Taos Pueblo


David Whitley visits one of the oldest settlements in the US, and quickly gets over the photography ban


The reaction was one of spluttering disgruntlement. Being asked to pay $16 to see what is essentially a collection of quite cool-looking buildings, and then being told you’re not allowed to take any photographs, is always likely to raise the hackles.


That we’d driven for over four hours to get to Taos Pueblo didn’t help. But, playing the responsible tourist, we left the cameras in the car boot and wandered on in.


The initial appeal of the Taos Pueblo is the setting. It’s on a 2,100m-high plateau beneath the tallest mountains in New Mexico. Wheeler Peak, the biggest of the Sangre de Cristo range, comes in at just over 4,000m tall.


But a close second comes the buildings, made traditional adobe style from earth, sand, straw and water. They’re recoated every year as the winter weather cracks the exteriors. They’re remarkably simple, but highly distinctive – the clay-like orange/ brown colour and flat roofs organised in up to five unsymmetrical tiers have a hugely photogenic quality to them.

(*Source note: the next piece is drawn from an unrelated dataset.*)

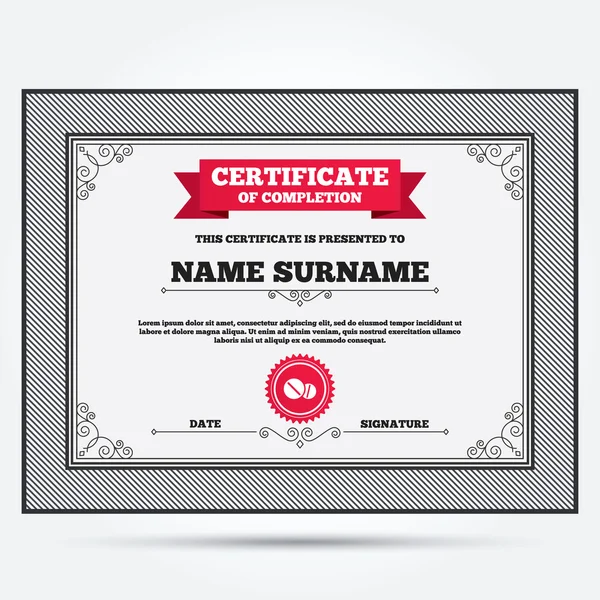 Certificate with Medical pill icon — 스톡 벡터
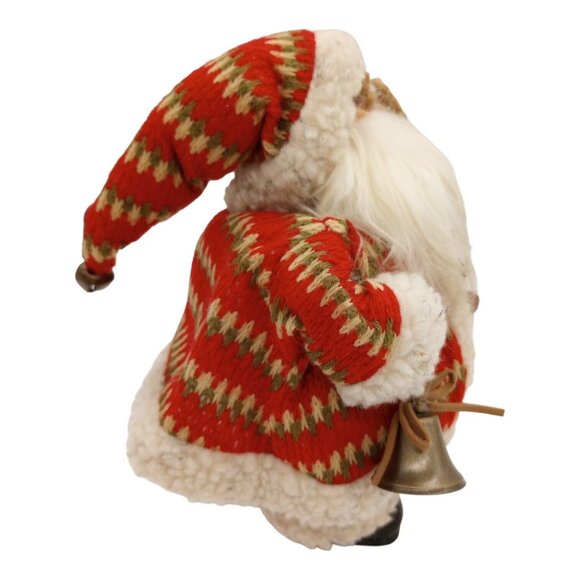 Old World Santa Claus in Red Coat Faux Fur Christmas Figure Bell Pinecone Sack - Picture 3 of 9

What is truly remarkable, however, is how long the village has been there. The inhabitants reckon it’s the oldest continually inhabited settlement in the United States, having been built somewhere between 1000AD and 1450AD. There are plenty of other places that would debate that assertion, but there can be no doubt that the tribe was living there way before Spanish adventurers arrived in the area.


The inhabitants are known as the Red Willow People, after the trees lining the stream which provides the Pueblo’s water supply. They’re not easily lumped in as part of a larger tribe, as the village historically kept itself to itself, mixing with outsiders through trade rather than attempts at empire-building. Their language has never been written down or recorded, and the Red Willow People insist it never will be.


The homes within the Pueblo boundaries – although most now live outside with modern amenities – have no running water or electricity. A sign by the stream asks people not to wade in it – an attempt to keep the water quality as high as possible.


Many of the buildings have been turned into arts and crafts shops, or rudimentary restaurants where fry bread tacos are cooked in traditional outdoor ovens. We walked into one of them, perused the tiles, and asked about the photography ban.


It turns out that we’ve arrived on a feast day – it’s part of the San Geromino festival – and that photography has long been banned on all feast days. Any spectacles are for the people, not the world.


But why the festival? And who is San Geronimo? Well, it’s not the Apache warrior Geronimo, as I’d been expecting – he has nothing to do with this area. It’s boring old St Jerome – a Catholic saint who was born somewhere in central Europe in 347AD. He too has nothing to do with Taos, but the woman selling postcards explains that his feast day was the crucial factor in him being celebrated.


There has been an autumn fair going on around September 30th for centuries, it seems. People from other tribes and villages would come to sell crops and pelts. When the Spanish came and foisted Catholicism on Taos Pueblo, they just picked the saint whose dates matched.


Elsewhere, we leaf through textiles for sale in another house, assuming that weaving is a traditional thing in Taos. “It’s not,” the woman replies. “These are made elsewhere, inspired by the Pueblo, but nothing in them has symbolic significance to use.”


Well, if that’s the case, why aren’t they making their own? “Because we’ve never made textiles here. Only a few villages do. We’ve always been a corn-growing community – there are no sheep to raise, and there’s no cotton to grow here.”


The afternoon continues like this, idly asking questions and having expectations confounded. That we’re not allowed to take photos is soon forgotten. Treat people like people, rather than human statues that will look good in a photo album, talk to them, and it’s amazing how much more vivid the picture you get is.